*** INPUT DATA
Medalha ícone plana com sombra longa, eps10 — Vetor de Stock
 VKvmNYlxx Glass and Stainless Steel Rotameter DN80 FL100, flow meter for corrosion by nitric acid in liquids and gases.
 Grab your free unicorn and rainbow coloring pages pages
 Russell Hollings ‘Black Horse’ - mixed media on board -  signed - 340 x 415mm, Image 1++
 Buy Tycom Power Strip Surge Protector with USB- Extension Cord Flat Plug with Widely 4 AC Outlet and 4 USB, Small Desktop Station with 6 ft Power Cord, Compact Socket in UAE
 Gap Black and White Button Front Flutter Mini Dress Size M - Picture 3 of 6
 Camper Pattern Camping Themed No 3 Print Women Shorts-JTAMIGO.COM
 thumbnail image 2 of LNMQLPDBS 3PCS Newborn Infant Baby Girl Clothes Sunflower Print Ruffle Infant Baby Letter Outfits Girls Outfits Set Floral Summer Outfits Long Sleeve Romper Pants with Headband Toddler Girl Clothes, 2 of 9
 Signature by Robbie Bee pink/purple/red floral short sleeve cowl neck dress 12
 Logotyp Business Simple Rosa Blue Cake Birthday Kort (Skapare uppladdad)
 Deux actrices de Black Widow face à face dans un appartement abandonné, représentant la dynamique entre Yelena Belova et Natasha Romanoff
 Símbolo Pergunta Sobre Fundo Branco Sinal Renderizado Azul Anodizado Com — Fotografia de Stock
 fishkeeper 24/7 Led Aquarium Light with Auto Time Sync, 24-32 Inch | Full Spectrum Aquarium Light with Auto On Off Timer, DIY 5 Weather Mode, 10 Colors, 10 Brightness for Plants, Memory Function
******
TASK STATEMENT
Each line of the listing must be transcribed precisely as it appears.

WRITTEN SOLUTION
Medalha ícone plana com sombra longa, eps10 — Vetor de Stock
 VKvmNYlxx Glass and Stainless Steel Rotameter DN80 FL100, flow meter for corrosion by nitric acid in liquids and gases.
 Grab your free unicorn and rainbow coloring pages pages
 Russell Hollings ‘Black Horse’ - mixed media on board -  signed - 340 x 415mm, Image 1++
 Buy Tycom Power Strip Surge Protector with USB- Extension Cord Flat Plug with Widely 4 AC Outlet and 4 USB, Small Desktop Station with 6 ft Power Cord, Compact Socket in UAE
 Gap Black and White Button Front Flutter Mini Dress Size M - Picture 3 of 6
 Camper Pattern Camping Themed No 3 Print Women Shorts-JTAMIGO.COM
 thumbnail image 2 of LNMQLPDBS 3PCS Newborn Infant Baby Girl Clothes Sunflower Print Ruffle Infant Baby Letter Outfits Girls Outfits Set Floral Summer Outfits Long Sleeve Romper Pants with Headband Toddler Girl Clothes, 2 of 9
 Signature by Robbie Bee pink/purple/red floral short sleeve cowl neck dress 12
 Logotyp Business Simple Rosa Blue Cake Birthday Kort (Skapare uppladdad)
 Deux actrices de Black Widow face à face dans un appartement abandonné, représentant la dynamique entre Yelena Belova et Natasha Romanoff
 Símbolo Pergunta Sobre Fundo Branco Sinal Renderizado Azul Anodizado Com — Fotografia de Stock
 fishkeeper 24/7 Led Aquarium Light with Auto Time Sync, 24-32 Inch | Full Spectrum Aquarium Light with Auto On Off Timer, DIY 5 Weather Mode, 10 Colors, 10 Brightness for Plants, Memory Function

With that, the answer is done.